A kind of 'Peace Corps' aid in reverse; Overseas help for the needy in the US

Soft-spoken Peter Mirgartz, 23, from Cologne, Germany, works with senior citizens in Cleveland. He is finishing an 18-month tour of service.

''We are the 'legs' for the seniors,'' Mr. Mirgartz says of his work with a citywide activist group pressing for older people's rights.

The ''reverse peace corps'' that sent Mirgartz is a 20-year-old German ecumenical organization, Action Reconciliation-Service for Peace. Its volunteers work with social service, community organizing, and peace education groups.

It began in 1958 when German church leaders who had actively opposed Hitler set up a program whereby young Germans would go to countries victimized by fascism.

The first volunteers helped rebuild bombed Coventry Cathedral in England and a synagogue in France. Later they undertook social service projects with handicapped and disadvantaged persons.

During the international peace activities of 1968, a group of American churches invited Action Reconciliation to the US.

Prevention of fascism's return is a goal. Johannes Otter, national coordinator in Washington, D.C., says that in Germany the group monitors neo-Nazi activities and watches for anti-Semetic and anti-Polish sentiments in textbooks.

For some, like Mirgartz, the US assignment can be used as alternative service to the German draft.

Volunteers are trained through workshops, seminars, and history lessons before crossing the Atlantic. Courses focus on militarism, conflict, minorities, and the third world, Mirgartz says.

There are now nearly 30 volunteers assigned to such projects as desegregation , inner-city housing, and a free medical clinic in several Midwestern and Eastern cities. Mirgartz says that volunteers are paid for orientation and air fare.

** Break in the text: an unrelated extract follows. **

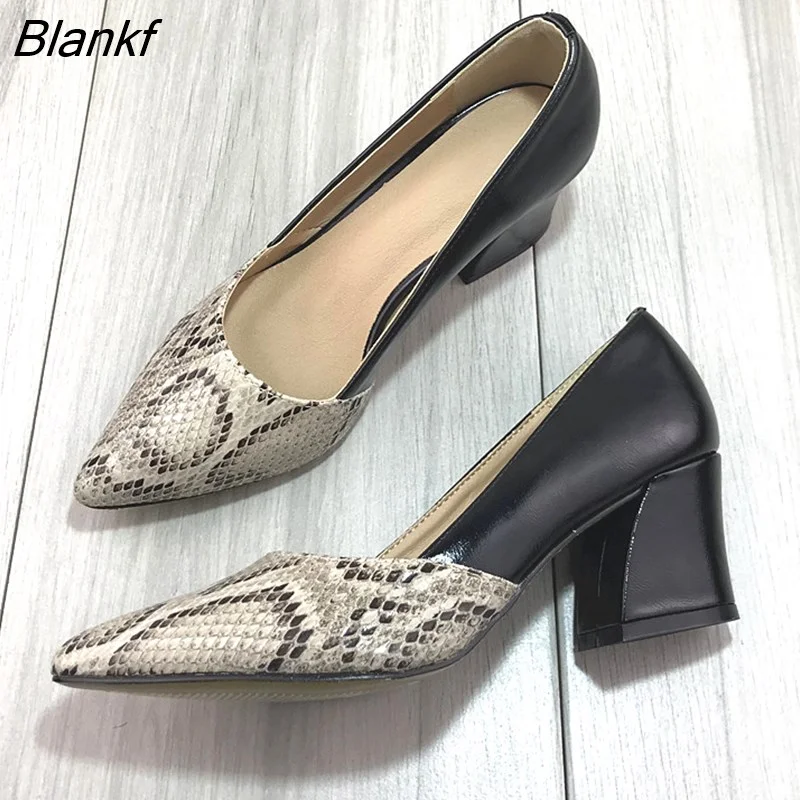 Blankf Small Fresh Two Wear Single Shoes 2023 Fall New Thick with Shallow Mouth Womens Shoes Elegant Square Head High Heels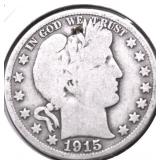 1915 D BARBER HALF DOLLAR G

Organizations they work for give them subsistence funds for rent and food.

Conditions in the US have surprised Mirgartz somewhat, especially in the contrast between the availability of health care for the elderly in America and in Germany.

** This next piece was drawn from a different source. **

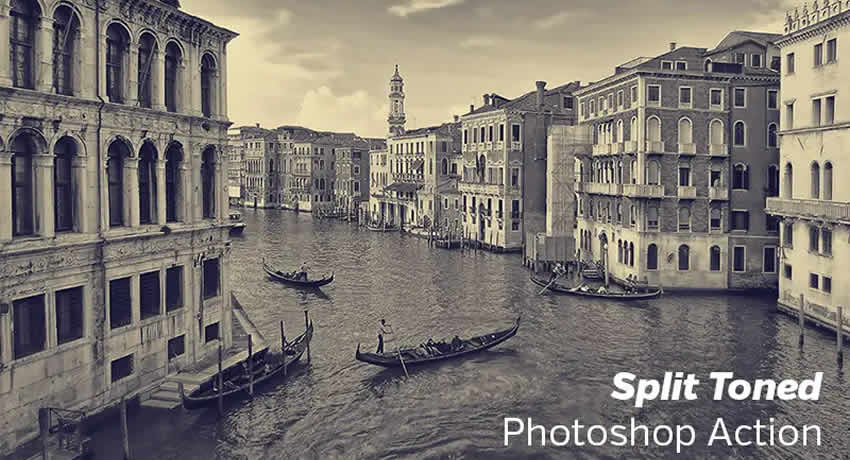 Split-Toned Photoshop Action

''This is a very interesting time to come to America,'' he explains. ''There are so many seniors living on low, low income with such high medical and utility bills.'' In Germany, ''people have insurance if they get ill and old, and there is more care, from family and government.''

Another organization based in Germany, the International Christian Youth Exchange (ICYE), provides US and foreign students with traditional learning and goodwill exchange experience. However, it is expanding into the placement of adult volunteers with service groups.

The program has brought Mika Serino, 26, from Japan to work with mentally retarded persons in Wauseon, Ohio, near Toledo.

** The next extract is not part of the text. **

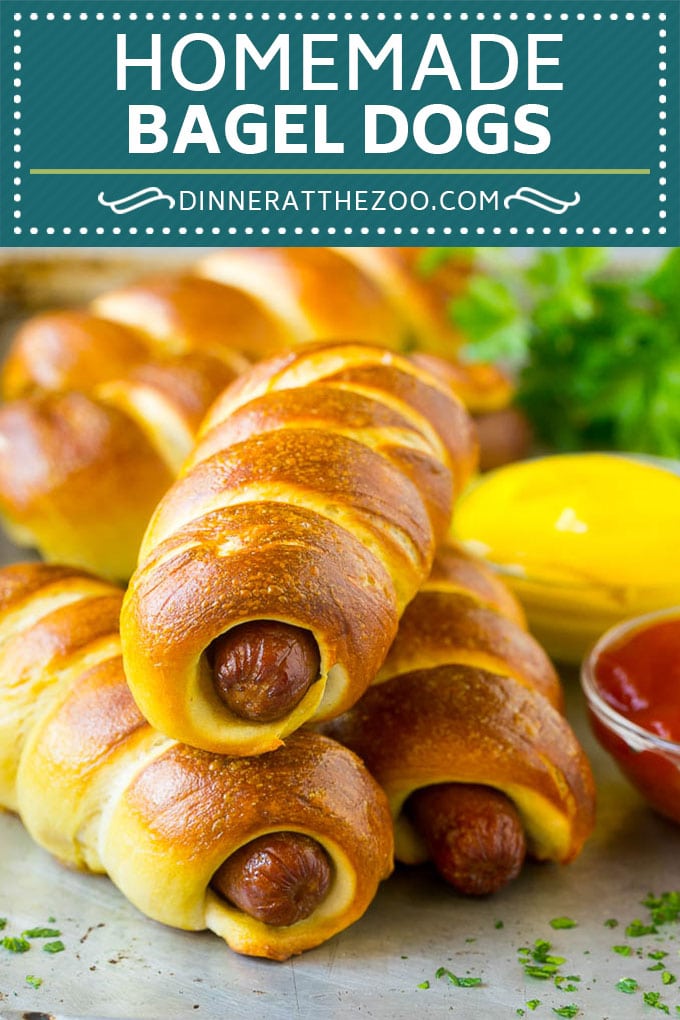 Bagel Dogs Recipe | Hot Dogs #bagel #hotdogs #dinner #lunch #ezlod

Under ICYE sponsorship, 25 volunteers from a dozen nations, including Australia, Bolivia, Costa Rica, and Iceland, are working on American problems across the country.

The Church of the Brethren began the program in Germany at the end of the 1940s. By the 1960s it became independent of the churches, although they continue to provide local support.

Edward Gragert, exective director of ICYE in New York, traces the origin of the program to German postwar efforts to estabish contacts and reconciliation with other nations.

The first efforts were the international exchange of high school students. Some students sought to expand their experience by doing volunteer work in the communities of their exchange schools.

Mr. Gragert said that in the late 1960s the program adopted a new goal: ''to encourage all participants to recognize the social-political situations'' of the host countries.

Out of that perspective came the volunteer service for persons up to age 24, and involvement in women's rights, low-income neighborhoods, and aid to the disabled and elderly.

Some churches and professional associations operate exchange programs, but neither Gragert nor Otter know of other projects that could be considered independent reverse peace corps bringing foreign aids to help Americans solve Americans' problems.